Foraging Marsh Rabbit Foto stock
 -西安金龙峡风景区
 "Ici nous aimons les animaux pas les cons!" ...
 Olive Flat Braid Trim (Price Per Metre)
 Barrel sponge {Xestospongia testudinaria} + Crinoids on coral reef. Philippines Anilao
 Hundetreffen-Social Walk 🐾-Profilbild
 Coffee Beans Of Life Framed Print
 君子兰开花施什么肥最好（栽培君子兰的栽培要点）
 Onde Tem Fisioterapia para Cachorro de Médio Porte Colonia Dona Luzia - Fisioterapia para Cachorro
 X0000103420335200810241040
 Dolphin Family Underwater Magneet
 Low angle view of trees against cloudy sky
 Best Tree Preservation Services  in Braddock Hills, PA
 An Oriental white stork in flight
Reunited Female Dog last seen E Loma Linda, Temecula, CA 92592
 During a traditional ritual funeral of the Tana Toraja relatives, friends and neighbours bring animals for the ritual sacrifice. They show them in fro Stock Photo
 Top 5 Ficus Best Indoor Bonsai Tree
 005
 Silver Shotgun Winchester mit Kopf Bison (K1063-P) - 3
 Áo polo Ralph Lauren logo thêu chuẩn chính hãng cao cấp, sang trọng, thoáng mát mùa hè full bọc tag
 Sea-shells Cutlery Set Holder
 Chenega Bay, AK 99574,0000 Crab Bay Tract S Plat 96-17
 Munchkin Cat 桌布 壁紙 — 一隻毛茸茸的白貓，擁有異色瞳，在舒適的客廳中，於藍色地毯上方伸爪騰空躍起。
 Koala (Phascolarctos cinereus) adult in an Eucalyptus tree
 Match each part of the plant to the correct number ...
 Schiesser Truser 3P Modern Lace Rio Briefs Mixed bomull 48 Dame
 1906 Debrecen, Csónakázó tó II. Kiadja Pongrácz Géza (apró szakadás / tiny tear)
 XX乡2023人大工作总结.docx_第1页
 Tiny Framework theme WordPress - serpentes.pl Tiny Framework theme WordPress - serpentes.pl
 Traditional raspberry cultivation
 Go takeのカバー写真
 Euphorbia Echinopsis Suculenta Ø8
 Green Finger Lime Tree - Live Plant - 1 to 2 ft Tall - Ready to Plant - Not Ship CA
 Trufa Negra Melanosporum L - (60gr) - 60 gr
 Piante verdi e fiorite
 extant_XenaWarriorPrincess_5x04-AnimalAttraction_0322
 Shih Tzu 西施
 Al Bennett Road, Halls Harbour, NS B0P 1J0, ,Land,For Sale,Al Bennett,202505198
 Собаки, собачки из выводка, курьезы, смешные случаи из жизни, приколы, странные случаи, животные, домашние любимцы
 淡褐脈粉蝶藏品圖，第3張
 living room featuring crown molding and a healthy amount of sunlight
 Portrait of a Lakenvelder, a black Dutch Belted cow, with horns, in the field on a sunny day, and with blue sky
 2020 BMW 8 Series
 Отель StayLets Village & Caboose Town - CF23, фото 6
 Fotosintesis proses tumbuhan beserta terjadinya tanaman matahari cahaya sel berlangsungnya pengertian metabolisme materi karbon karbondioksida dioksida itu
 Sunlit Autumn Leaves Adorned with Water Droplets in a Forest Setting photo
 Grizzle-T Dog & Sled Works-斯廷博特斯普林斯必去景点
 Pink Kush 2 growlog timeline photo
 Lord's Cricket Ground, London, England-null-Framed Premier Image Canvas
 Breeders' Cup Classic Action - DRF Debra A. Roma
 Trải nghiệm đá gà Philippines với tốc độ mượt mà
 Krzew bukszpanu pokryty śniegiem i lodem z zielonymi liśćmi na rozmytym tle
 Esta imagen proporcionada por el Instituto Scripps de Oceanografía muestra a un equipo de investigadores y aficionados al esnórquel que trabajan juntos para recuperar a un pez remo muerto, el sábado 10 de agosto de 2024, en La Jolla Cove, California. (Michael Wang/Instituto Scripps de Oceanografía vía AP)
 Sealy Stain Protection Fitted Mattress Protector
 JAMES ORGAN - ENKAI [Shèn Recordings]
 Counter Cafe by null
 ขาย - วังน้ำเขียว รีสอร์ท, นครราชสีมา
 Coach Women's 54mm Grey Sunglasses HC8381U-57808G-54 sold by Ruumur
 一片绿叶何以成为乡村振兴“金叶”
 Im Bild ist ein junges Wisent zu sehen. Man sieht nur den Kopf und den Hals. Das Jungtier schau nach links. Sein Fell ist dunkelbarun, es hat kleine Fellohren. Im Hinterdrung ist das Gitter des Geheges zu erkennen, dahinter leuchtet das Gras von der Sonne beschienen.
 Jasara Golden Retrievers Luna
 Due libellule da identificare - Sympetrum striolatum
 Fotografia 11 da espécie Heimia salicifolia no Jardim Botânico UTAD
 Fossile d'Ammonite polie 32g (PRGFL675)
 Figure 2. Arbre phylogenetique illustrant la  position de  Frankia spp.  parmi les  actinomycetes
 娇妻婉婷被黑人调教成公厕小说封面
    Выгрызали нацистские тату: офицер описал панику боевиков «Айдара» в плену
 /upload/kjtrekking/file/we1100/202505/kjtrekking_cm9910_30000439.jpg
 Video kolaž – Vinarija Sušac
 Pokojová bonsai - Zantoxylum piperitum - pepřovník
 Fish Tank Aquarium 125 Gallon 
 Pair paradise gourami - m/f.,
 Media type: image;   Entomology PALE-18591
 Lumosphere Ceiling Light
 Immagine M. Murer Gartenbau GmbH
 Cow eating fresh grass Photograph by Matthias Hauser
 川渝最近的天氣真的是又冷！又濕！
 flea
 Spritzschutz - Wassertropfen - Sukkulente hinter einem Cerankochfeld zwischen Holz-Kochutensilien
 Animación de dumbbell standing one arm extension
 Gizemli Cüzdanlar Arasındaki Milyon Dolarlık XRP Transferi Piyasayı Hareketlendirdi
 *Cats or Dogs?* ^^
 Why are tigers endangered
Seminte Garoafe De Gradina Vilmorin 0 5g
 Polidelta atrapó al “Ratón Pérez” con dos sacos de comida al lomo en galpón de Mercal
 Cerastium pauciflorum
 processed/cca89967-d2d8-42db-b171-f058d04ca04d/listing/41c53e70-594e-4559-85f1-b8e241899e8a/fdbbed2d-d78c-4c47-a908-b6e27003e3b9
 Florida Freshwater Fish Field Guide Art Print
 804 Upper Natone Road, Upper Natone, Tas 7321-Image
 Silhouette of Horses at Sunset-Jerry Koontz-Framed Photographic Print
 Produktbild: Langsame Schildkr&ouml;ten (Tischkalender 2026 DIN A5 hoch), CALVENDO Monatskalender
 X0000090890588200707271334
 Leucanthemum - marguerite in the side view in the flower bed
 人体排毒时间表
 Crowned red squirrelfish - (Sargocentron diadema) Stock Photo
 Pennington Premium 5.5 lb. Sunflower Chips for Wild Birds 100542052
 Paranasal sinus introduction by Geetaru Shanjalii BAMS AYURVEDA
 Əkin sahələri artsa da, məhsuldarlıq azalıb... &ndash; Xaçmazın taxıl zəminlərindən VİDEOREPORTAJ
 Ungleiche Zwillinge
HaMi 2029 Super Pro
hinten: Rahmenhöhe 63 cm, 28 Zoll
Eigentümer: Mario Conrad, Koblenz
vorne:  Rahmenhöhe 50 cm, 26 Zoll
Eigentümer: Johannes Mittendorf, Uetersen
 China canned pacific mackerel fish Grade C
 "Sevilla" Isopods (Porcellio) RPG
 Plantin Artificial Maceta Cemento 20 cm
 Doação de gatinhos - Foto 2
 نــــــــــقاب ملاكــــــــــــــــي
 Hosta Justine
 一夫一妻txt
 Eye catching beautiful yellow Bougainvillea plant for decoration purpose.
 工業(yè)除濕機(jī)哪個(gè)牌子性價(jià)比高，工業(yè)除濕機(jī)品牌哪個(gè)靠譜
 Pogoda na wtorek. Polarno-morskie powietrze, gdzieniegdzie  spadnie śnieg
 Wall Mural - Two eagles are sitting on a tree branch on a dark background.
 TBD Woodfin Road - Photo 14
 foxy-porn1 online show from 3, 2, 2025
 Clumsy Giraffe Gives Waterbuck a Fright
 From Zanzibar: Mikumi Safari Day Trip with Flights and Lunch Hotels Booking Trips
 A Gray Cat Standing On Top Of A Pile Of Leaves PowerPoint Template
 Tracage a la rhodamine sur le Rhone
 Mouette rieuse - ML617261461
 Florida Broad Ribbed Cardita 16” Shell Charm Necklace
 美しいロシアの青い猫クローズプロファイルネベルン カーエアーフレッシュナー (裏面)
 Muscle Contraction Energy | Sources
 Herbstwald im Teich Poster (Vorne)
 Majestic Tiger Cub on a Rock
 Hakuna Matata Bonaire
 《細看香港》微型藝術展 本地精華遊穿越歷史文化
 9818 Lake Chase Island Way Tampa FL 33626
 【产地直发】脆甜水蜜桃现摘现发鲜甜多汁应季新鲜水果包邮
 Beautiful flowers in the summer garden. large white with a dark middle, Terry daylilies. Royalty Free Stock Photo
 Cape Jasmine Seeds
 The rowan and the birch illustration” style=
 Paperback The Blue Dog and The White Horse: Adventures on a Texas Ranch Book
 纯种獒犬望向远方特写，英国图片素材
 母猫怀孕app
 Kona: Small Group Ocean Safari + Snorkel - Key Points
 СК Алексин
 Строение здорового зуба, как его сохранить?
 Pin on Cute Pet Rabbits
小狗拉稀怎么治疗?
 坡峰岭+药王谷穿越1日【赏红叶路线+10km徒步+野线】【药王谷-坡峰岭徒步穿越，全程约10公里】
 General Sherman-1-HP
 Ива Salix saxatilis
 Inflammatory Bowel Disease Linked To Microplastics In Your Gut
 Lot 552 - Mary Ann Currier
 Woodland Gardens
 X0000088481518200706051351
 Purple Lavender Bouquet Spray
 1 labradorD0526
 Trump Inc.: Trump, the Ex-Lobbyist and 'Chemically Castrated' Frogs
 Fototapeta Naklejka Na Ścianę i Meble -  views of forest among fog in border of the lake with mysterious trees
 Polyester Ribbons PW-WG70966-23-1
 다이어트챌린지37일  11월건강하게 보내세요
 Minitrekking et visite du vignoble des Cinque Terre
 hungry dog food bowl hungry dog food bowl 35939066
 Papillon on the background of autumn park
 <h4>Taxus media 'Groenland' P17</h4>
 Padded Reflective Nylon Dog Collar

────────────────

§ Problem description:
Output should match, line for line, the stretch of the material above from the line holding "娇妻婉婷被黑人调教成公厕小说封面" through the line holding "Paranasal sinus introduction".

§ Task output:
 娇妻婉婷被黑人调教成公厕小说封面
    Выгрызали нацистские тату: офицер описал панику боевиков «Айдара» в плену
 /upload/kjtrekking/file/we1100/202505/kjtrekking_cm9910_30000439.jpg
 Video kolaž – Vinarija Sušac
 Pokojová bonsai - Zantoxylum piperitum - pepřovník
 Fish Tank Aquarium 125 Gallon 
 Pair paradise gourami - m/f.,
 Media type: image;   Entomology PALE-18591
 Lumosphere Ceiling Light
 Immagine M. Murer Gartenbau GmbH
 Cow eating fresh grass Photograph by Matthias Hauser
 川渝最近的天氣真的是又冷！又濕！
 flea
 Spritzschutz - Wassertropfen - Sukkulente hinter einem Cerankochfeld zwischen Holz-Kochutensilien
 Animación de dumbbell standing one arm extension
 Gizemli Cüzdanlar Arasındaki Milyon Dolarlık XRP Transferi Piyasayı Hareketlendirdi
 *Cats or Dogs?* ^^
 Why are tigers endangered
Seminte Garoafe De Gradina Vilmorin 0 5g
 Polidelta atrapó al “Ratón Pérez” con dos sacos de comida al lomo en galpón de Mercal
 Cerastium pauciflorum
 processed/cca89967-d2d8-42db-b171-f058d04ca04d/listing/41c53e70-594e-4559-85f1-b8e241899e8a/fdbbed2d-d78c-4c47-a908-b6e27003e3b9
 Florida Freshwater Fish Field Guide Art Print
 804 Upper Natone Road, Upper Natone, Tas 7321-Image
 Silhouette of Horses at Sunset-Jerry Koontz-Framed Photographic Print
 Produktbild: Langsame Schildkr&ouml;ten (Tischkalender 2026 DIN A5 hoch), CALVENDO Monatskalender
 X0000090890588200707271334
 Leucanthemum - marguerite in the side view in the flower bed
 人体排毒时间表
 Crowned red squirrelfish - (Sargocentron diadema) Stock Photo
 Pennington Premium 5.5 lb. Sunflower Chips for Wild Birds 100542052
 Paranasal sinus introduction by Geetaru Shanjalii BAMS AYURVEDA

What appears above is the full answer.